The-End-Of-Root-Cause-Analysis-Blog-Banner

Systems fail, servers go down, shit breaks.

With the pressure of continuous uptime and world-class customer experience, we’re being asked to build, deploy, and operate our systems with increasing speed. Accordingly, our approach to incident management leaves little time for trial and error—we need to detect, respond, and remediate problems with accuracy that not only solves the problem, but prevents it from happening in the future.

In our effort to constantly improve our own internal incident management, we came to a startling realization about limiting factors in our approach to problem solving: root-cause analysis.

When something breaks, we habitually ask the simple question: why. This “why” gets to the heart of RCA. However, we aren’t building and operating simple systems anymore. Instead, we’re building complex systems that change constantly.

How can we continue to ask simple questions of complex systems and expect to arrive at a meaningful resolution?

Our Bias Towards Root-Cause Analysis

When it comes to understanding causality of IT problems, it’s natural for us to take a Newtonian approach to reasoning. Accordingly, we think about service disruptions and outages as a sequential series of linear, one-by-one events, moving from a healthy state to an unhealthy state.

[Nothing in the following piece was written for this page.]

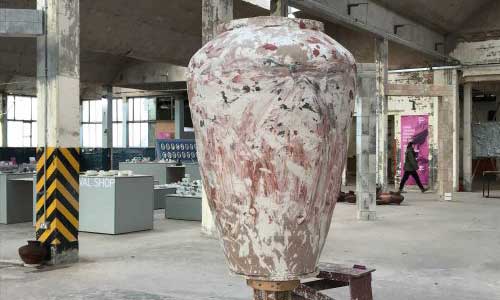 Large urn by Lee Kang-hyo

This method of reasoning can lead us to an assumption: simply by asking the “right” questions, we can, eventually, trace the effects back to the original source, i.e. root cause.

At VictorOps, we’ve notice how a bias towards identifying a singular root cause diminishes our opportunity for exploring and learning more about how a system actually works. Root cause then becomes a limiting lens by which we see the world, establishing a false model of system reliability and incorrectly attributing failure to a single, static component or construct.

In our experience, most organizations aren’t blind to the variety of factors attributed to a system failure. However, during an outage, we tend to go into autopilot and default to habits. In this situation, here’s how things tend to break down:

  • Teams identify multiple “root” cause(s) of the incident
  • Then (albeit correctly) pointing out a variety of factors conspired to “cause” the problem
  • Which unintentionally sends a misleading signal, where a single element becomes the sole reason for the failure
  • Concluding the absence of the specific root element would make the system safer/better

Making the Case Against Root-Cause

Let’s pause here for a moment—because I’m sure the headline above was enough to make certain engineers blood boil.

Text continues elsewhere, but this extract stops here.